Okay, I am PISSED, y'all. Like Britney-with-an-Umbrella mad. Yesterday, I went out in my little red Focus to run some errands, buy some presents and such, and I pulled into the garage. I get out of the car, and it's like YAY, K IS HOME! So we huuuuuug since we haven't seen each other in a few days, and we wind up on the passenger side of the car. K looks down to my tire, and says "hey, what did you run over?" I follow his eyes down to my right front tire, and...
IT'S TACKS, Y'ALL. TACKS. Not just one. A whole BUNCH of effing tacks. So K, being the wonder mechanic that he is, gets out some tools and starts pulling the tacks out of my tire. And I'm flat out in tears, because I've been having a shit day anyhow, and this is really just the cherry on top. So he pulls THREE out, plus two without heads, and they're just sitting there in an evil little pile on the garage floor. Just out of curiousity, I walk to the back of my car to check out the rear tire. And what do I find... MORE TACKS. FIVE more tacks, to be exact. Which means there are MORE in the back tire than in the front. Fucking fantastic.
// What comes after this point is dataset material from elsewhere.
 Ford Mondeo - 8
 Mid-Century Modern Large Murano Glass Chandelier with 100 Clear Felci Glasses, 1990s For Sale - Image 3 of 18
So K is desperately trying to keep me from having the breakdown of the century and is saying things like "it's okay, baby"... and "they must have just been in the street."
But WERE THEY?
See, this scenario could have gone down two ways.
Scenario A: A cute old schoolteacher comes out of Target carrying bags upon bags of school supplies that she can barely carry herself. She gets to her Buick Stationwagon, pops the trunk, and drops the supplies for her underpriviledged third graders all up in the parking lot. A taped box of tacks hits the ice so hard that it pops open, innocently spewing eight tacks in a neat little row. Poor lady. Maybe you should pick up those tacks you spewed.
Scenario B: Some punk kids are bored to death on a Wednesday night and think it might be funny to line up some sharp weapons in the street. They pull their hoods up over their red beady little eyes at the mall, and loiter near the pole, smoking packs of Kools and watching to see which unsuspecting patron of the Tar-jay will run them over.
I'm going to go with Scenario B, although K tried his damndest to convince me it could really have all been an accident, bless his heart. I just don't see how that would be a possibility given that they are all on the outside of my tire, in a neat little row, spaced almost symmetrically apart. I'd just like to add to this, that these tires are BRAND fucking new. Literally, I bought them in August or September. So now, I have to either have K spend hours trying to find all of these tiny devil holes in my tires, or go buy TWO new tires.
Honestly, this is shaping up to be the best week of my life.